Tribology is the science of friction and wear. It is a sub-class of mechanical engineering, and is especially important for machine designing. There has been studies that indicate the influence of friction and wear in design. About 80% of all machine failures are associated with friction and wear.

Tribology usually looks that the reduction of friction and wear. It covers modes of surface failures (e.g. wear, pitting, galling). It talks about material selection, coatings, lubrications, and processes to increase efficiency.

Here is a "Cliff note" what I can remember from my college studies on this subject:

- increasing contact surface area (e.g. line contact of roller bearings instead of point contact of ball bearings) to reduce pitting

- hardening a surface will reduce its wear rate

- reducing friction will reduce wear

- softer materials flow better than harder ones, thus reducing friction

- a great combination of hard and soft would be to coat a hardened material with a softer one. For example, anodizing can put a hard thin shell onto an aluminum part. Dipping it into Teflon afterwards can embed Teflon molecules into the honeycomb matrix of the anodized surface. This leaves a soft Teflon surface (low friction) on a hard material (anodized shell).

- journal bearings only work when the shaft is spinning at a high enough speed to float it in the oil. This is why it is better to leave an engine idling for a few minutes than to stop and restart it. During startup, the shaft grinds against the inside of the journal bearing and create wear.

- some situations require making a profile to keep a part floating a moving fluid (e.g. the read/write head inside a hard drive floating on a very-thin stream of air above the spinning disc). It turns out that a step profile is actually better than a slanted or an airplane-wing one.

- on a macroscopic level, surface area has no significant effect on friction. Only the force pushing 2 surfaces together and their materials (listed as their coefficient of friction against each other) matter. For instance, a 100 lbs block of steel will slide with the same difficulty no matter how you change its surface area in contact with the ground. This is because decreasing the surface area decreases the area that covalent bonding between the block and the ground (decreases friction), but it increases the force-per-area that supports the weight (increases friction), and the two friction methods cancel each other out. This assumes that you don't decrease it so much that the block digs into the ground. This gets more into a mechanical method for stopping the movement instead of surface friction.

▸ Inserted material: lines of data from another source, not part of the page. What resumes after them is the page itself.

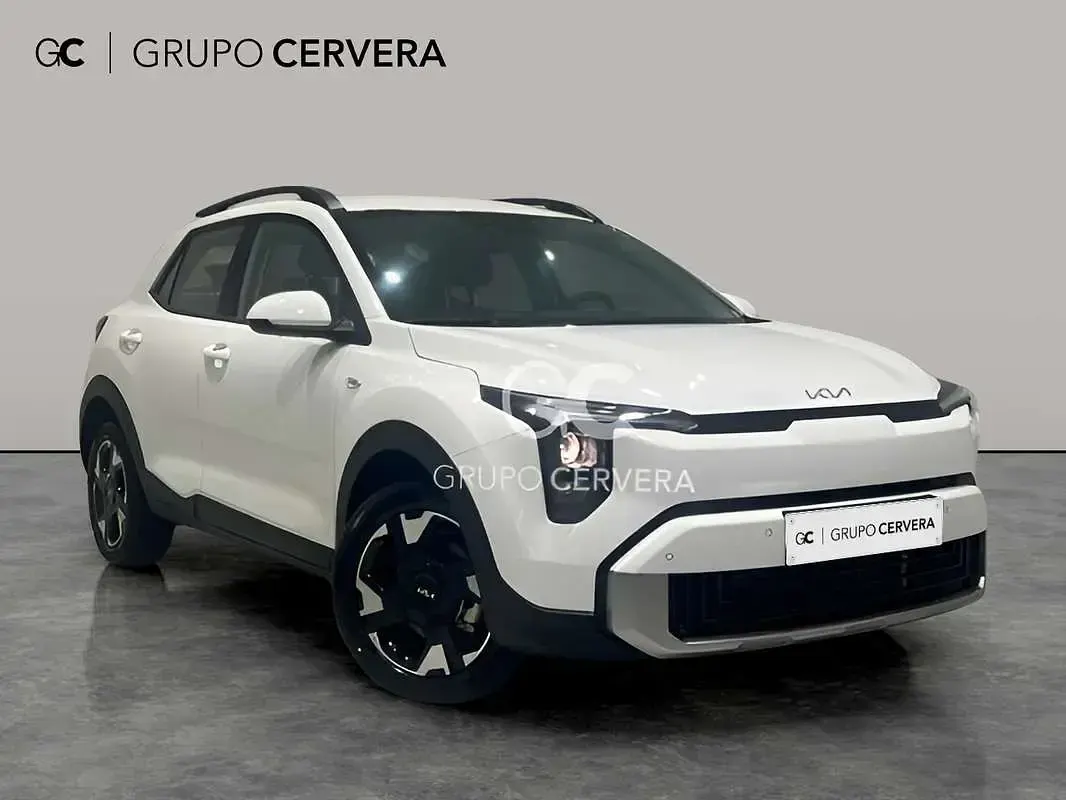 Nuevo Kia Stonic 116 CV (85 kW) 2026 Blanco SUV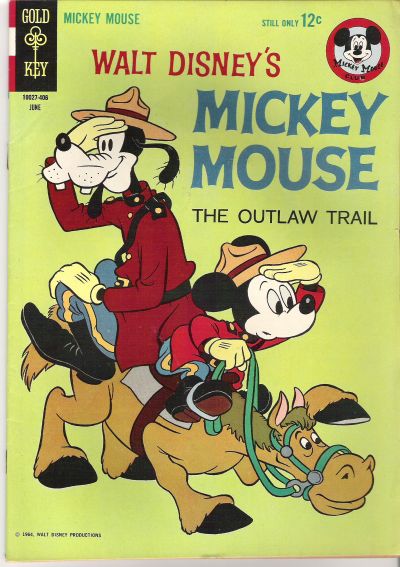 Mickey Mouse Mickey Mouse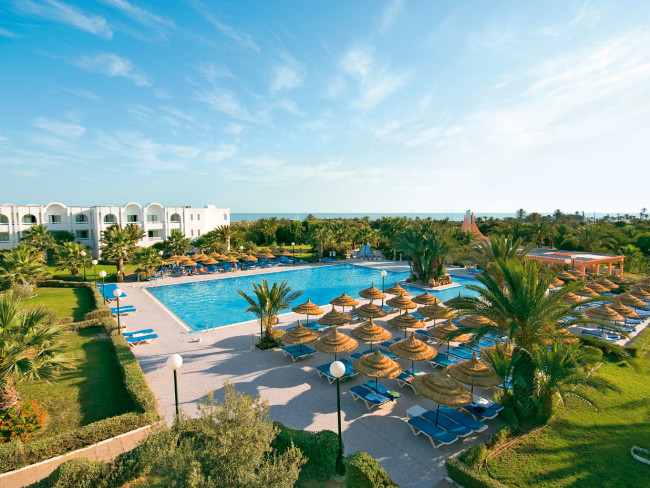 IBEROSTAR Mehari Djerba 4*+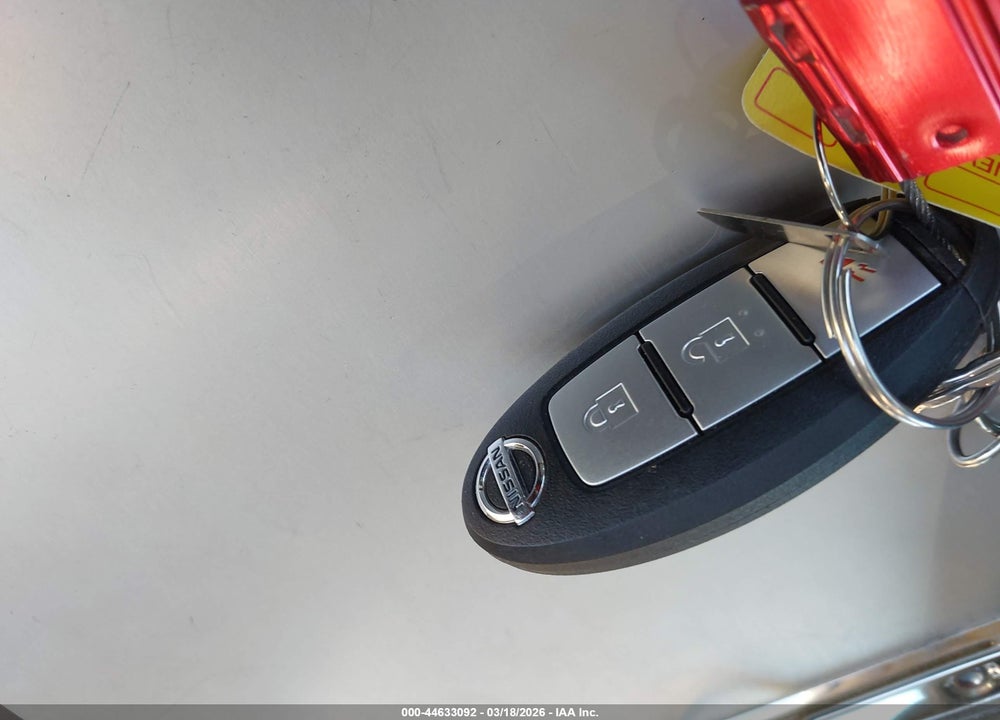 2018 NISSAN MURANO S VIN: 5N1AZ2MG8JN128709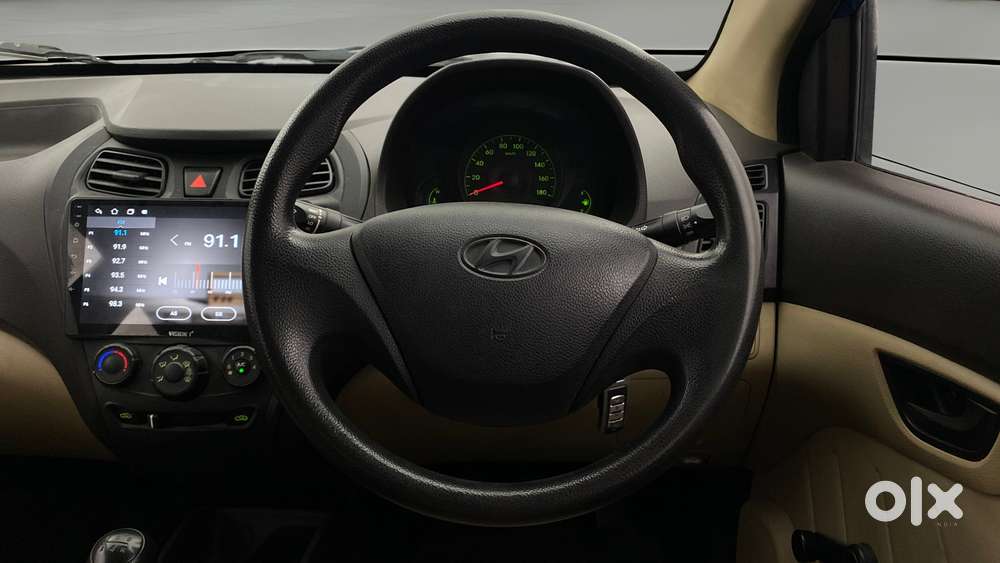 Hyundai Eon D Lite Plus, 2015, Petrol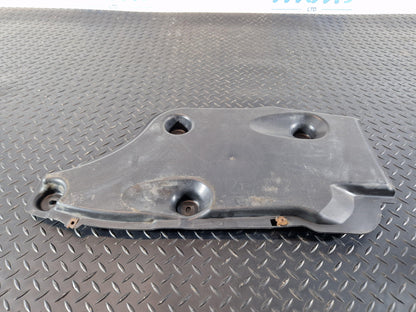 Audi A6 Allroad C7 LEFT SIDE UNDERBODY SHIELD COVER PANEL TRIM 4G0825215B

- decreasing surface roughness usually reduces "friction" and wear by decreasing the mechanical method for stopping the movement

- however, decreasing surface roughness also increases the contact surface area such that two too-smooth surfaces will experience molecular "sticktion" and can cause them to bind. Hard drive discs are very smooth. On the surface, there is a thin area near their center that have pits to reduce the smoothness. This allows the read/write head to dock there when the disc is not spinning.